Steven SparkmanIf you checked out science news sites last week, you might have seen rumors of a major scientific discovery set to be announced Monday. The rumors said the discovery, if true, would be a shoe-in for a Nobel Prize. (Via The Guardian, Popular Science, Universe Today)
The rumors turned out to be true, but come Monday, there wasn't a peep on the discovery from CNN, Fox News, or MSNBC. And it's not hard to grasp why: turns out it's really, really hard to explain.
The discovery deals with the Big Bang, and specifically what happened in the tiny fractions of a second immediately after the universe began. It's a time period scientists would love to get a closer look at, because understanding what happened in those first few moments could reveal whole new kinds of physics.

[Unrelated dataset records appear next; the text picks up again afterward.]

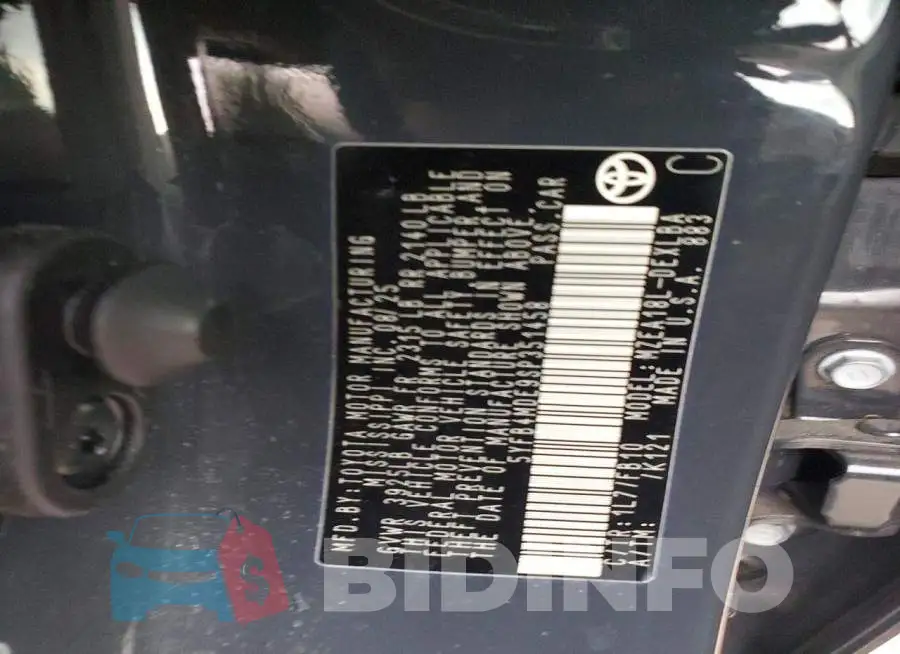 5YFB4MDE9SP351458 Photo# 12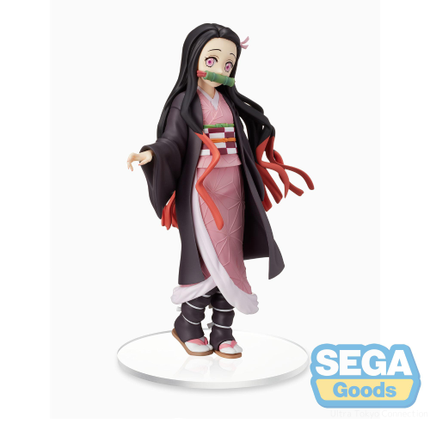 Demon Slayer - Nezuko Kamado Sibling Bond PVC Statue 19cm (SEGA)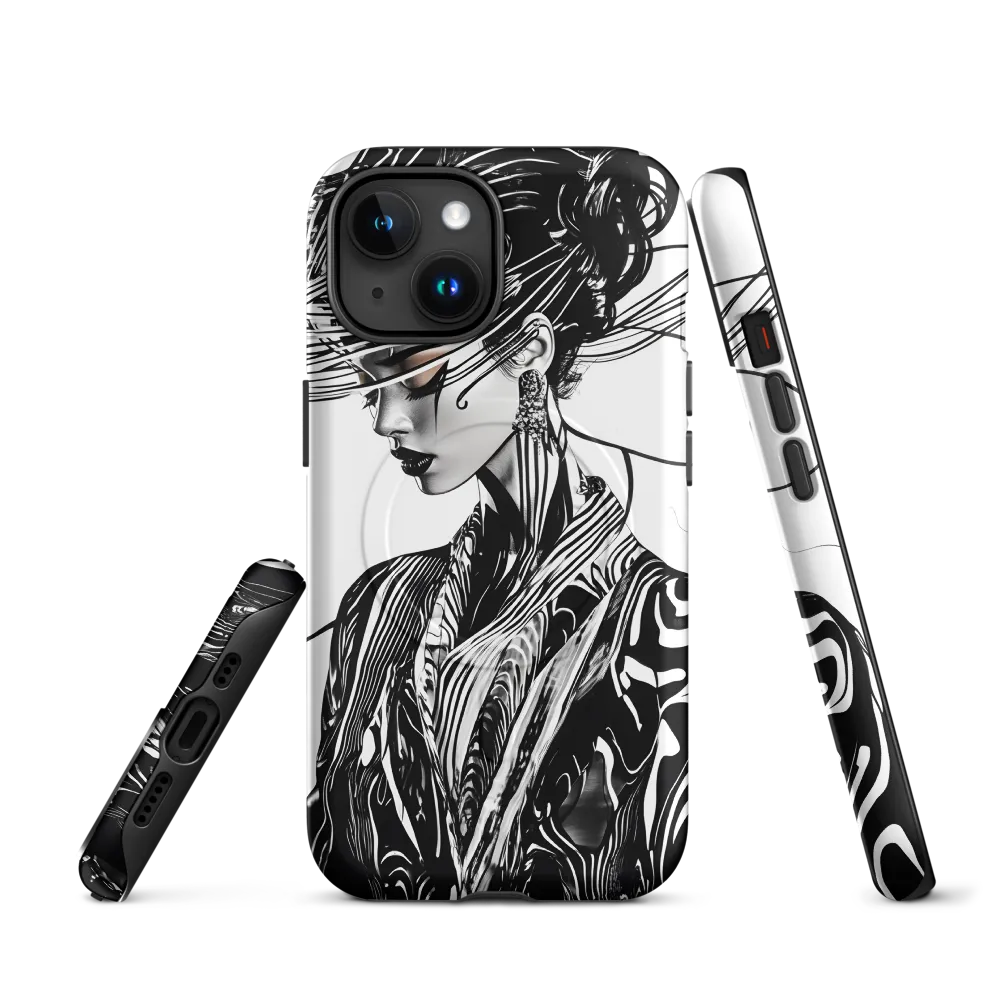Elegance in Black and White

Using a telescope at the South Pole and technical and scientific expertise from more than a dozen universities and organizations, like Stanford University, NASA and the Harvard-Smithsonian Center for Astrophysics, researchers now say they've gotten the earliest-ever look at that critical time period. (Via Wikimedia Commons / Christopher Michel)
A detailed explanation is way over our heads, so here's the quick and dirty version.
Scientists have known the universe is expanding since Edwin Hubble observed the galaxies moving away from each other in 1929. The expansion continues to this day, and Harvard researchers discovering in 1998 that the expansion is actually getting faster and faster. (Via NASA, Harvard-Smithsonian Center for Astrophysics)
But in 1980, physicist Alan Guth put forward that, during the universe's first moments, and for an unimaginably brief period of time, the rate of expansion surged to incredible speeds before slowing back down again. (Via NASA)
Now, that animation from NASA showing this inflationary phase is a bit misleading because it shows galaxies. The best estimates we could find are that the universe started that time period at billionths the size of a proton and ended somewhere around the size of a golf ball.
Monday's discovery is that gravitational waves caused by that inflation are still around today, and have been observed for the first time. That's where it gets really tricky to explain. (Via Harvard-Smithsonian Center for Astrophysics)
In trying to illustrate what gravitational waves are, The Guardian compared them to "tiny waves on a lake – from far away, the lake's surface looks glassy smooth; only up very close can the details of the surface be seen."
The BBC went another route. "I've got a sock here which I can try and illustrate with you. Basically, when these waves go through the universe they stretch and squeeze it like that."
We couldn't find a way to explain gravitational waves with anything more mundane than a sock. But perhaps neither we nor most broadcast journalists fully understand that part of it anyway.
So what does it all mean, and what implications does this have for physics? Well, out of all the theories of inflation out there, the findings point to one in particular, meaning scientists can now focus more in that direction.
Slate's resident astronomer Phil Plait points out the findings could help reconcile Einstein's theory of relativity with the field of quantum mechanics. And physicist Lawrence Krauss got all poetic about it.
"This is not only a Nobel Prize, but this is a game changer. ... It turns metaphysics and speculation into hard science." (Via KAET)
Of course, that's all assuming the findings hold up. With something this important, other experiments will need to confirm it. But for physicist Andrei Linde, who predicted this discovery back in the 1980's, this is about the most affirmation you can get. Stanford provided a video of him hearing the news for the first time.
"If this is true, this is a moment of understanding of nature of such a magnitude that it just overwhelms."